UK: UK GAAP – Defined Benefit Schemes – More Accounting Changes

Last Updated: 24 July 2007

A number of further amendments made to the disclosure requirements for companies with defined benefit schemes may be unwelcome news for those who have only just come to terms with the complex disclosure requirements of FRS 17.

A number of changes to the accounting requirements of FRS 17: ‘ Retirement benefits’ will take effect for periods beginning on or after 6 April 2007.

While the main principles of FRS 17 are similar to those of its international equivalent, IAS 19, these further changes will bring the disclosure requirements of the two standards into closer alignment. The ASB is encouraging the preparers of accounts to adopt the new standard ahead of the mandatory application date. The majority of the changes are to disclosure requirements; however, there is also one amendment to the measurement criteria used in determining the defined benefit surplus or deficit. At present, FRS 17 requires that when valuing quoted securities held by a defined benefit pension scheme, this should be by reference to mid-market price. IAS 19 requires the use of bid price and FRS 17 has been amended to require the same basis.

The Main Changes

The main changes required for disclosure are as follows.
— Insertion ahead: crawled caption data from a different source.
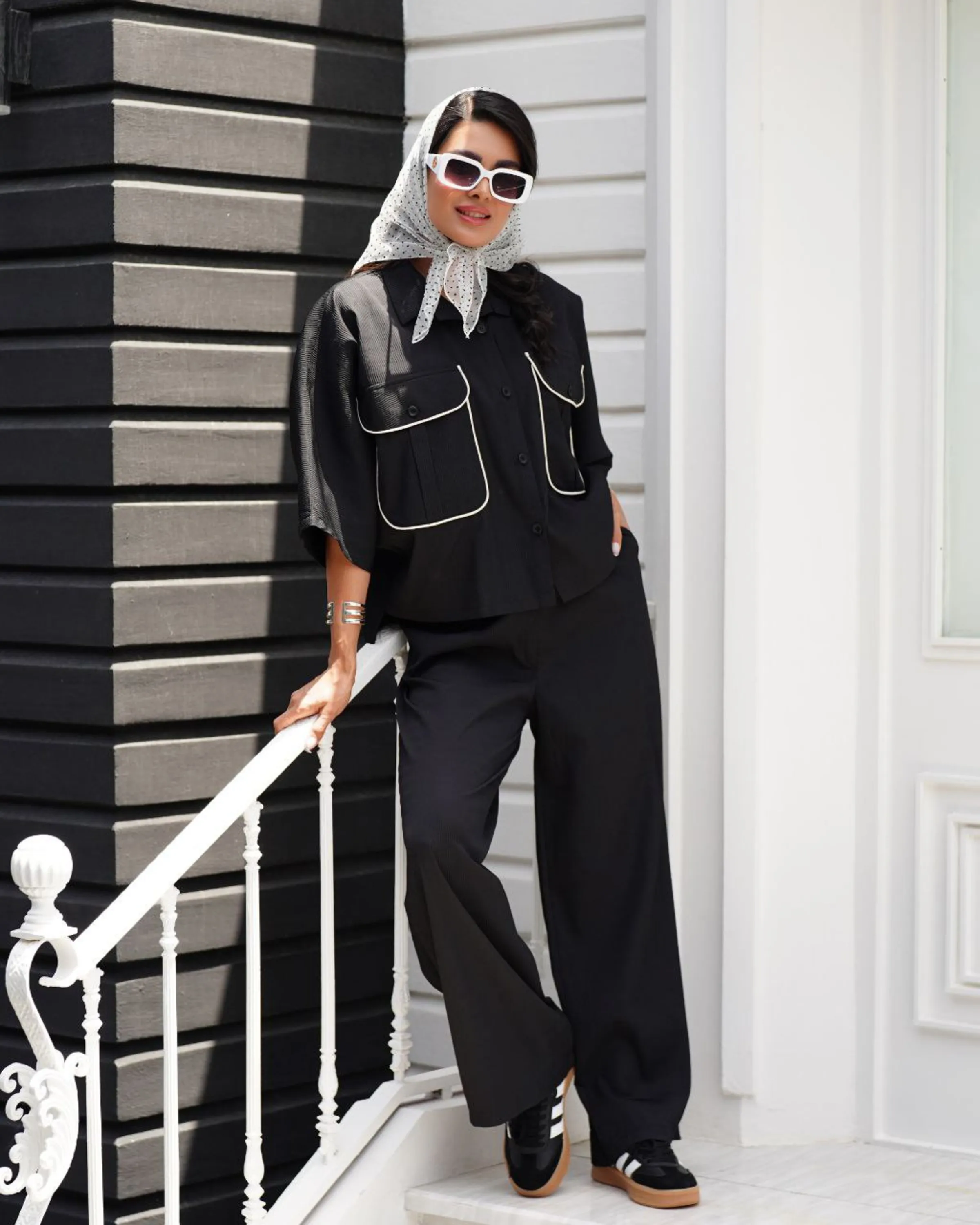 مانتو شلوار دلیسه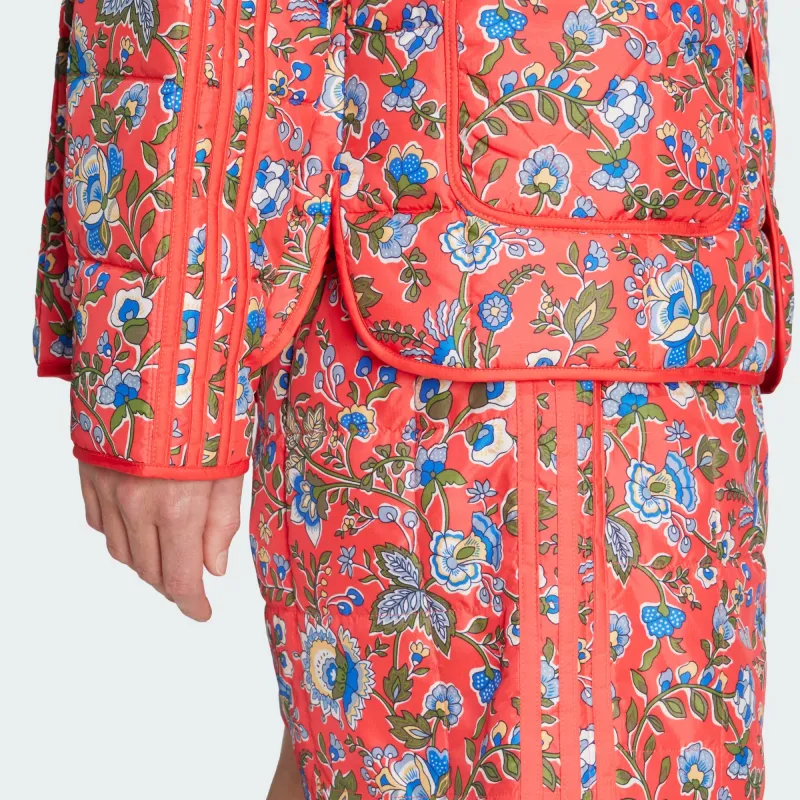 Adidas Originals Jackets & Coats Women's Red-5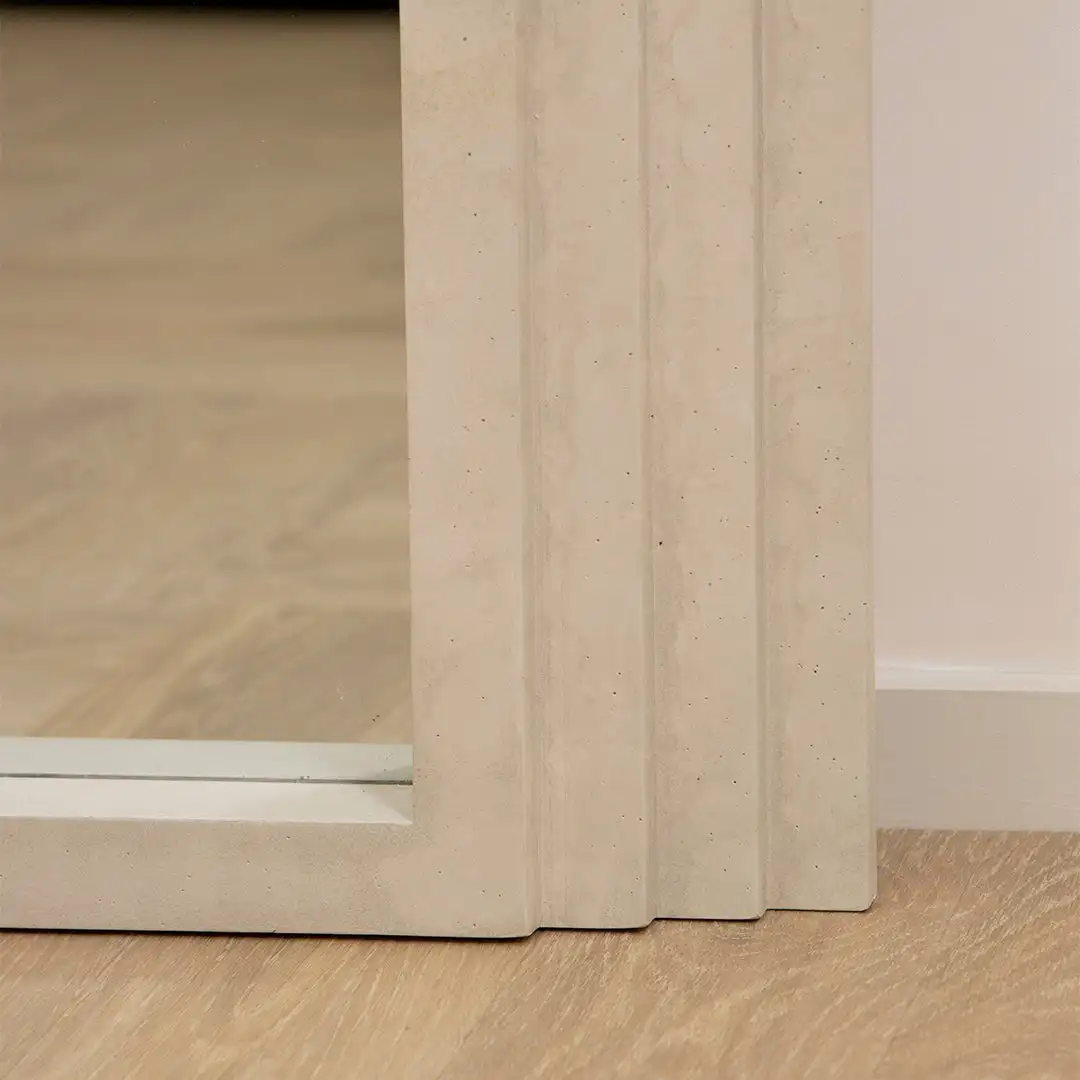 Style Full Body Home Wall Mirror Nordic Wall Hanging Arched Floor Mirror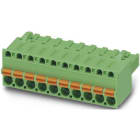 Phoenix Contact - Fiche débrochable 3p, pas: 5.08 mm, 2.5 mm², 12 A, 320 V - FKCT 2,5/ 3-ST-5,08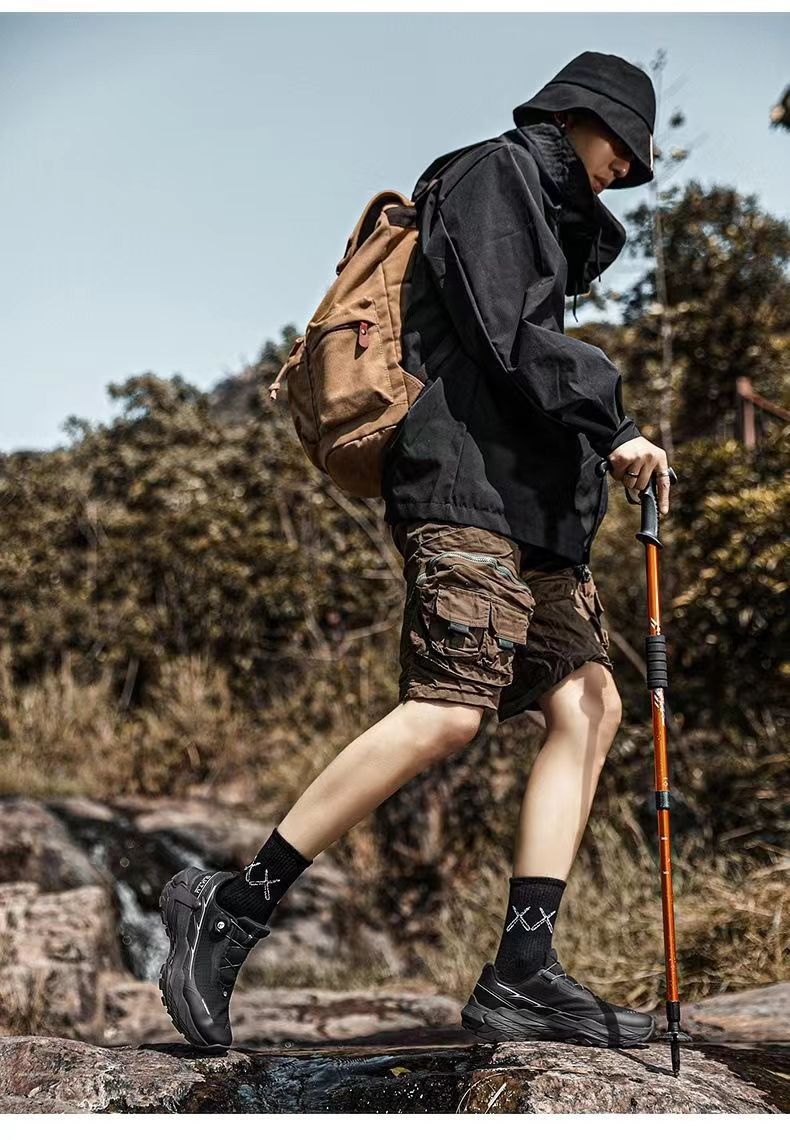 Wasserdichte atmungsaktive Freizeitsneaker
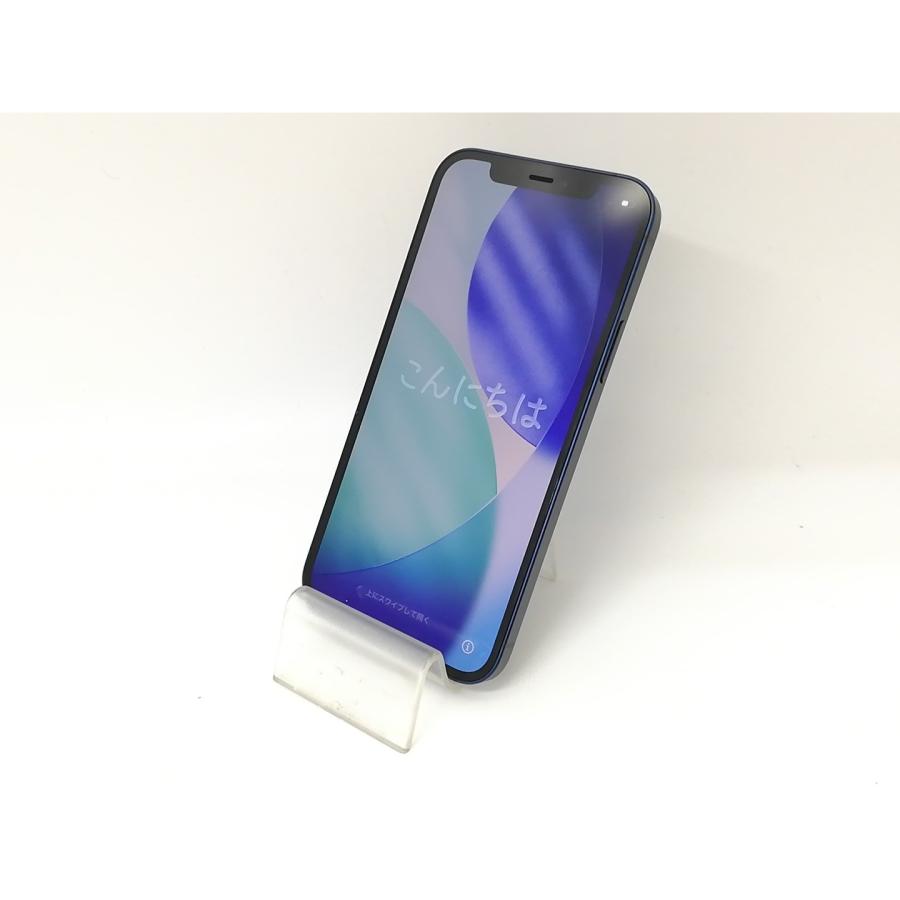 iPhone - iPhone 12 ブルー 64GB au SIMロック解除済(未使用) iPhone 12 【中古】Apple au 【SIMロック解除済み】 64GB ブルー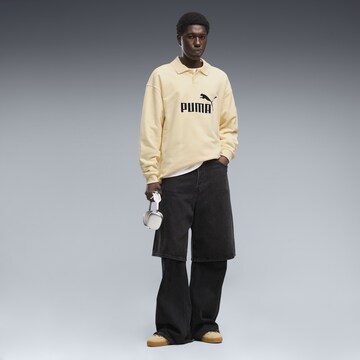 PUMA Functioneel shirt 'Essentials Elevated No. 1' in Geel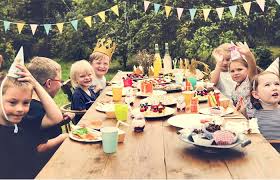old birthday party ideas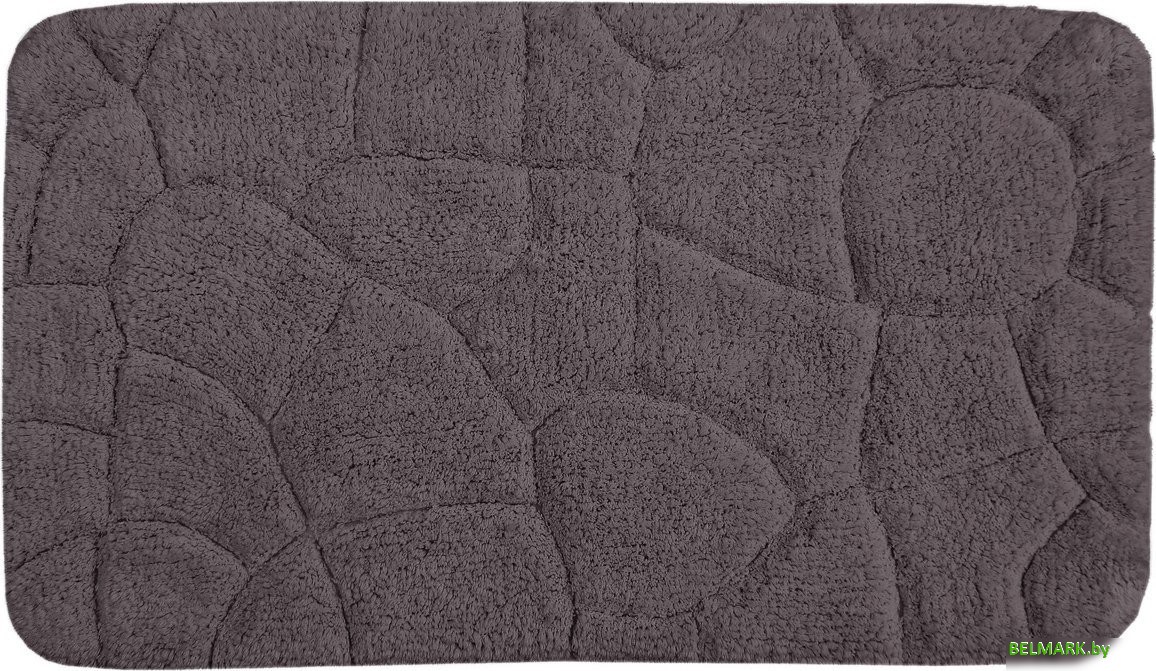 Коврик для ванной Sofi De MarkO Moretto 50х70см КВ-Мр1-50х70 (темно-фиолетовый) - фото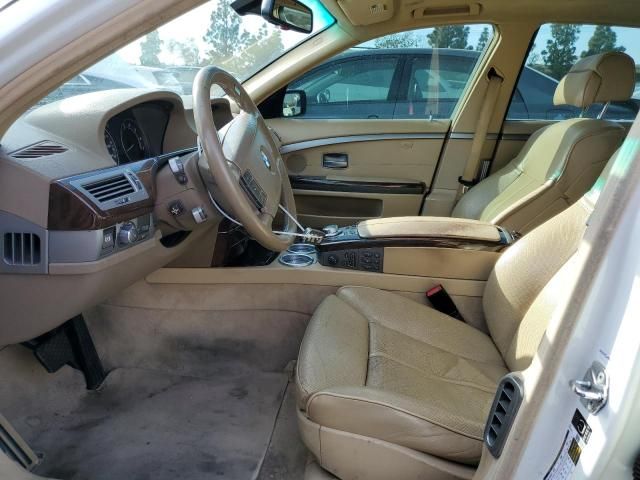 2006 BMW 750 LI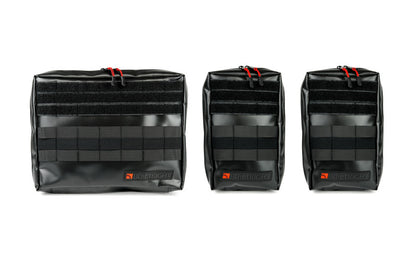 BuiltRight Industries Tech Pouch (3 Piece Kit - 1x Large / 2x Small) 105103 105103 Photo - Primary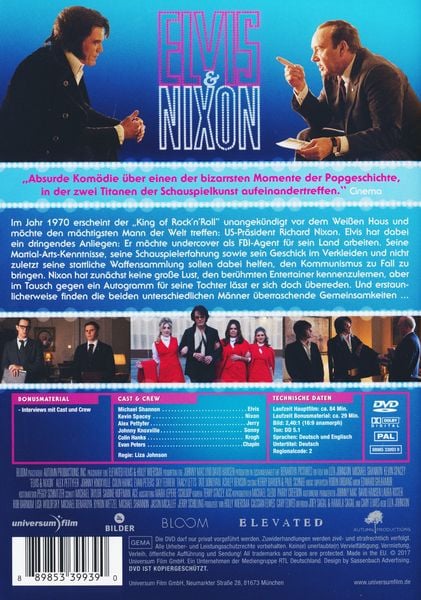 Produktbild: Elvis & Nixon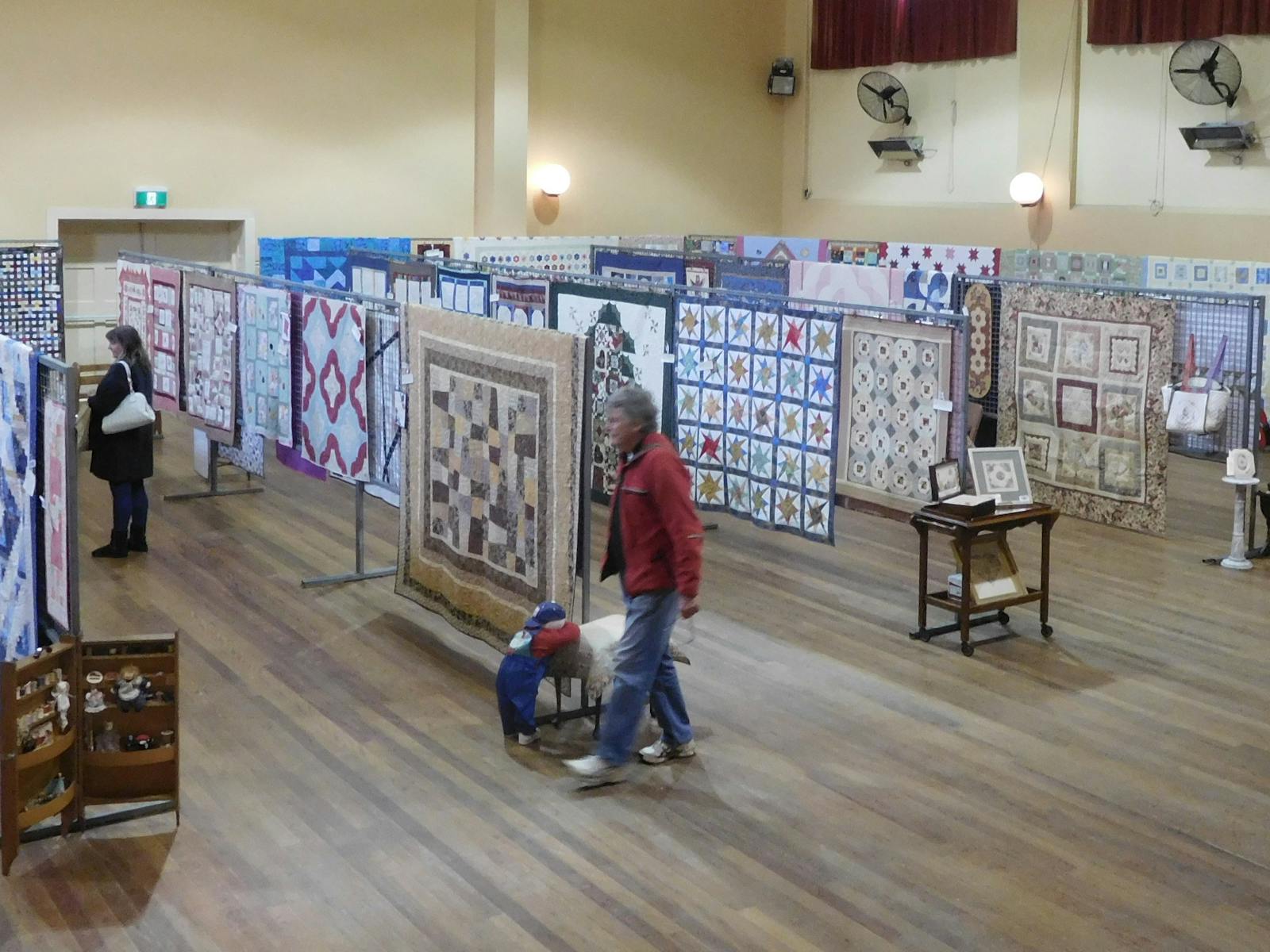 Image for Clare Quilters 2021 Exhibition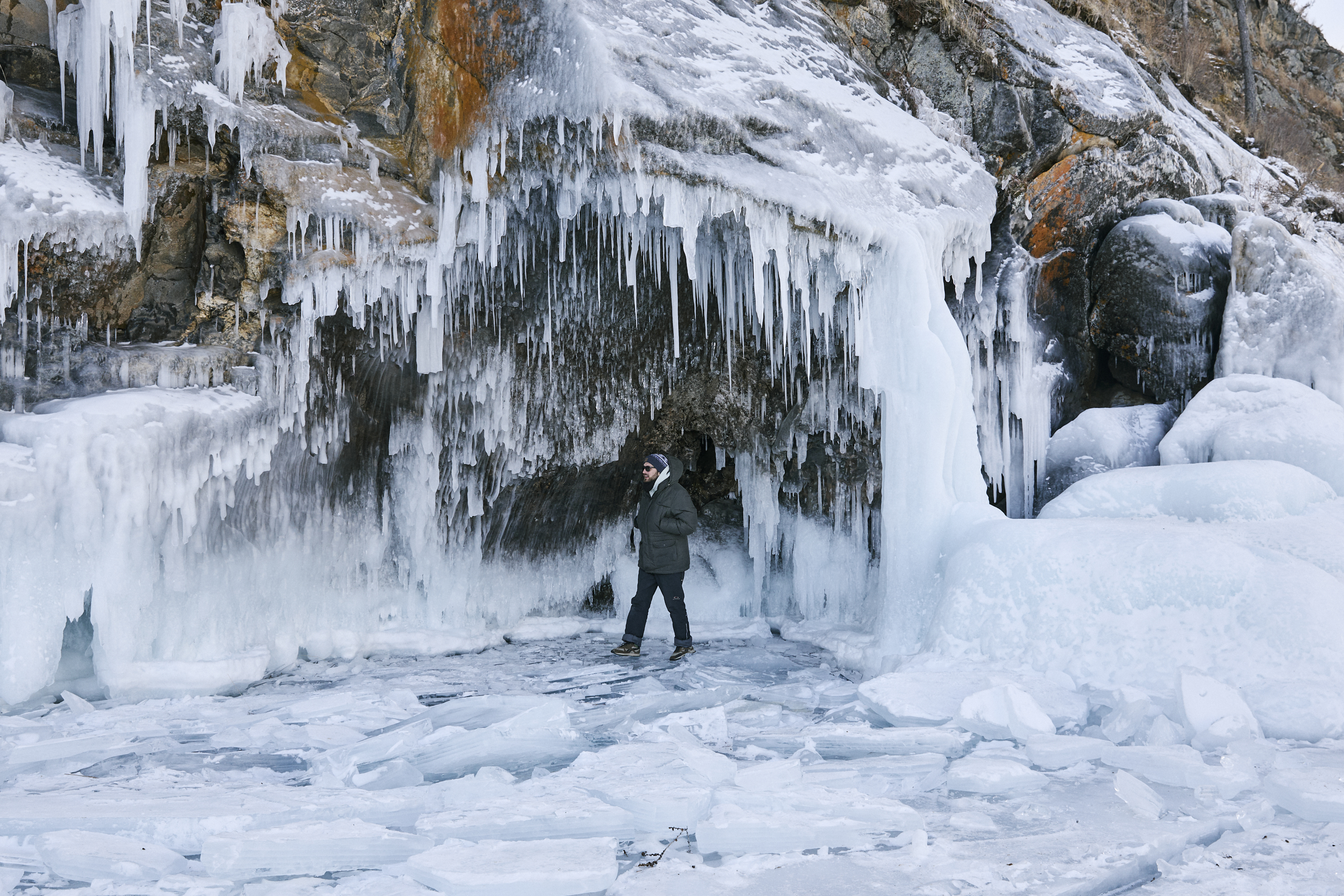 Увидеть лед Байкала за один день и все успеть (1/10)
  • FRS 17 previously required disclosure of the main financial assumptions used to measure the defined benefit asset or liability – the amendment requires disclosure of the principal actuarial assumptions. The most significant consequence of this change will be that many companies will have to disclose mortality rates.
  • Opening and closing scheme assets and liabilities must be shown separately, together with an analysis of the movements.
  • Scheme liabilities will need to be analysed between those that are unfunded and those that are fully or partly funded.

Good News

There is also some good news. The following disclosure requirements have been removed.

  • The date of the most recent actuarial valuation and if the actuary is an employee or officer of the reporting entity.
  • The financial assumptions at the beginning of the period.
  • An analysis of reserves in the accounts showing the defined benefit asset or liability separately.
  • For closed schemes and those where the age profile of active members is rising significantly, the fact that the service cost under the projected unit method will increase as the members near retirement.
  • The fair value of the assets of the scheme at the beginning and end of the period, together with the assumed expected rate of return.

As the assumptions that are to be disclosed are now those at the balance sheet date rather than the opening position, there will no longer be a need to disclose three years’ worth of information.

It will also no longer be necessary to disclose the difference between the expected and actual rate of return on assets for the current period and past four periods. Instead, the amount of the obligation, the fair value of the assets and the surplus and deficit will be required for the equivalent period, together with the experience adjustments arising on the assets or liabilities which can be expressed either as a percentage of scheme assets or an amount.

Smith & Williamson Commentary

While these changes are relatively small compared to those needed to harmonise some standards with IFRS, many companies have only recently come to terms with the complex disclosure requirements of FRS 17 and, as such, any change could be a source of irritation. The requirement with respect to the disclosure of principal actuarial assumptions and the possibility that this will, for many, include mortality rates has also caused some controversy. Businesses in some sectors may find this information particularly sensitive.

More Pensions Disclosures

At the same time, as the revisions to FRS 17 were issued, the ASB also issued a non-mandatory Reporting Statement: ‘Retirement benefits – disclosures’. Designed for use by all companies with defined benefit pension schemes whether they use UK GAAP or IFRS, the Reporting Statement suggests additional disclosures covering the following.

  • The relationship between the reporting entity and the trustees of the pension scheme.
  • The principal assumptions used to measure scheme liabilities. While the revised FRS 17 and IAS 19 require disclosure of principal actuarial assumptions, the Reporting Statement emphasises the need to disclose mortality rates if not already disclosed by accounting standards (i.e. where they were not otherwise considered material). Where there are variances in the mortality rates for geographical, demographical or other reasons, these should also be disclosed.
  • Sensitivity analysis of the principal assumptions used to measure the scheme liabilities.
  • How the liabilities arising from defined benefit schemes are measured. While FRS 17 requires defined benefit liabilities to be measured using the projected unit method, the Reporting Statement discusses the other bases that can be used for measuring liabilities and suggests that, where the cost of buying out defined benefit scheme liabilities is made available to the trustees, this information should also be disclosed.
  • The future funding obligations that the reporting entity has, e.g. commitments to make up deficits.
  • The nature and extent of the risks arising from financial instruments held by the defined benefit scheme.

Smith & Williamson Commentary

The ASB describes the Reporting Statement as "persuasive" rather than mandatory and companies will need to weigh up the relative costs and benefits of the additional disclosure requirements. While most major corporations will probably make the further disclosure, the potential sensitivity of some of the information that will be included in the financial statements means that smaller companies may wish to monitor developments in the marketplace before deciding on which approach to take.

The content of this article is intended to provide a general guide to the subject matter. Specialist advice should be sought about your specific circumstances.